[PROBLEM DESCRIPTION]:
Give the records back exactly as written, but without the images.

Captioned web image data

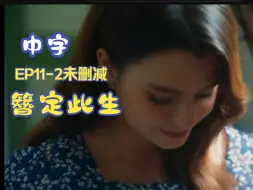 Download Video: 【簪定此生中字】ep11-2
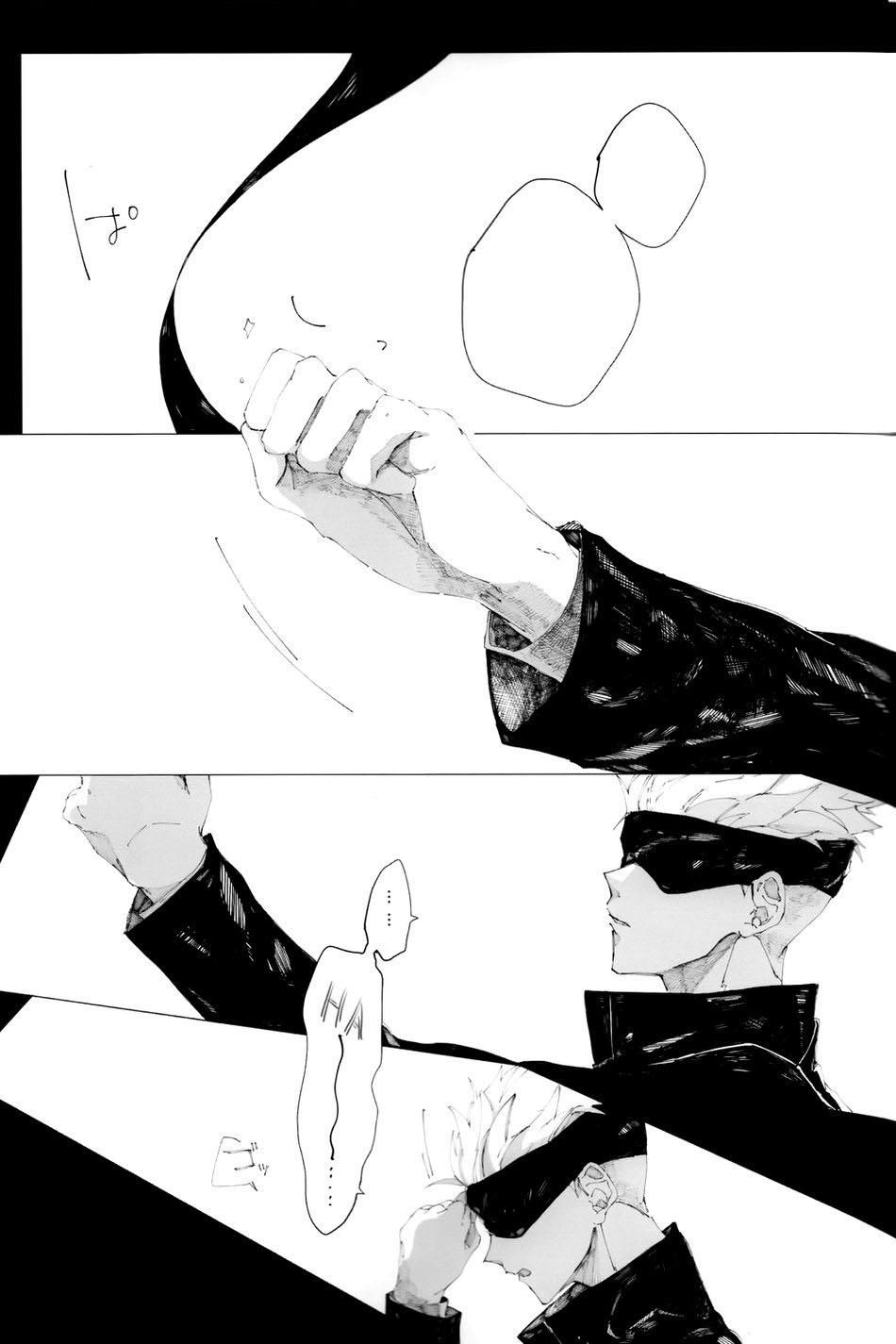 đọc truyện Doujinshi Tổng Hợp Chương 61.1 ảnh 40 tại Giả Dược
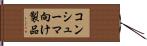 コンシューマ向け製品 Hand Scroll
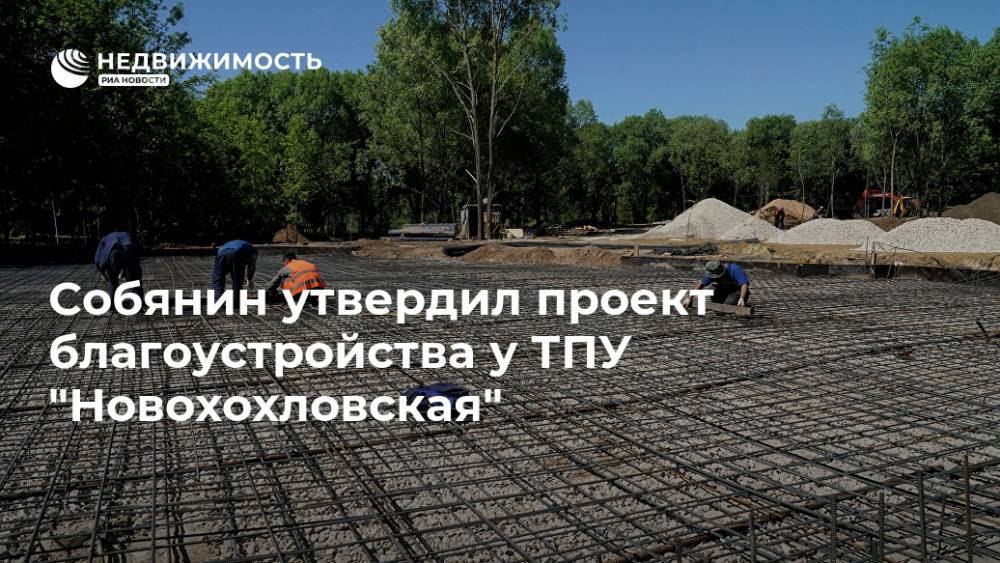 Собянин утвердил проект благоустройства у ТПУ "Новохохловская"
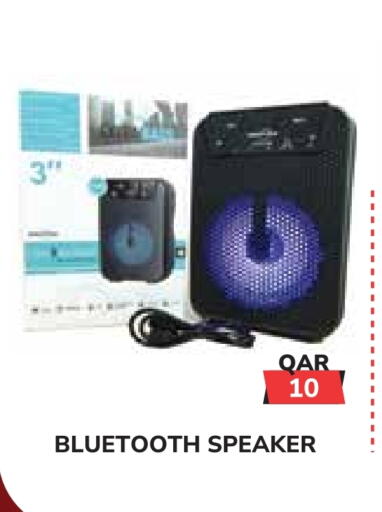 available at Tech House in Qatar - Al Daayen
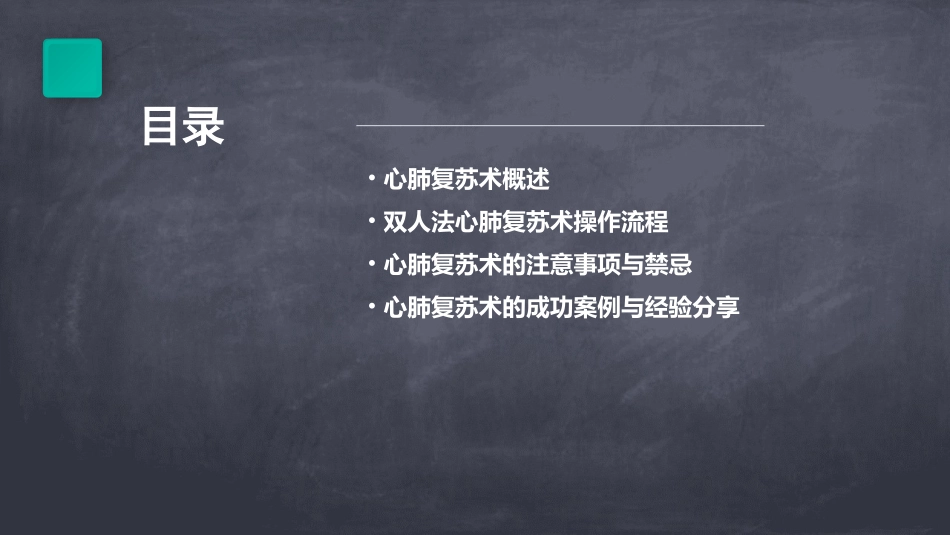 双人法成人心肺复苏术护理课件_第2页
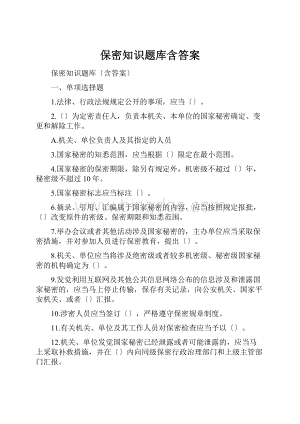 保密知识题库含答案Word格式.docx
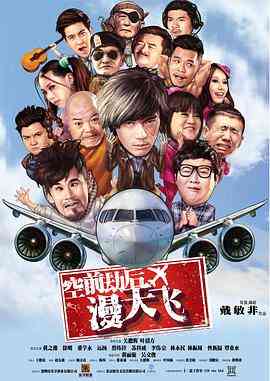 《空前劫后漫天飞》最新免费高清电影无广告在线播放|剧情·中国大陆·2017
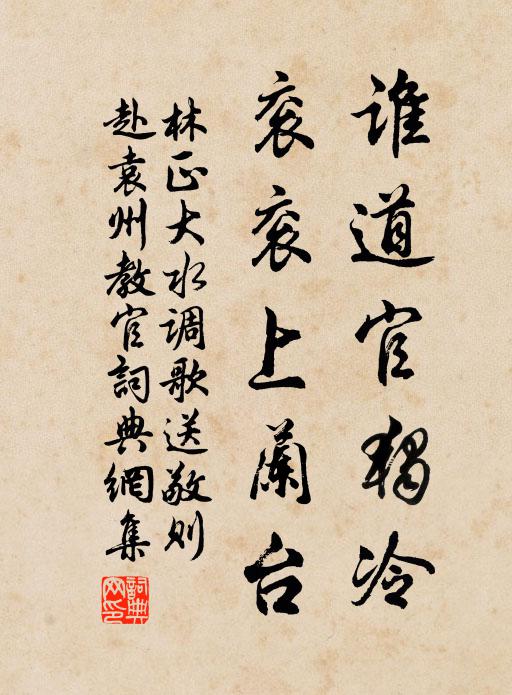 趁九十韶華，六旬餘力，終日醉吾圃 詩詞名句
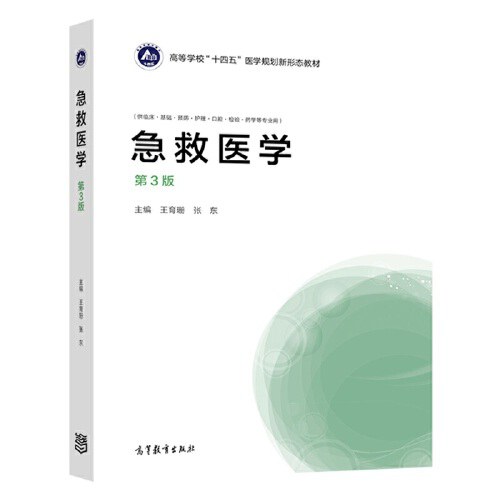 急救医学 第2版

[RESULT FOR THIS EXERCISE]:
 Download Video: 【簪定此生中字】ep11-2
 đọc truyện Doujinshi Tổng Hợp Chương 61.1 ảnh 40 tại Giả Dược
 コンシューマ向け製品 Hand Scroll
 Собянин утвердил проект благоустройства у ТПУ "Новохохловская"
 available at Tech House in Qatar - Al Daayen
 双人法成人心肺复苏术护理课件_第2页
 保密知识题库含答案Word格式.docx
 《空前劫后漫天飞》最新免费高清电影无广告在线播放|剧情·中国大陆·2017
 趁九十韶華，六旬餘力，終日醉吾圃 詩詞名句
 急救医学 第2版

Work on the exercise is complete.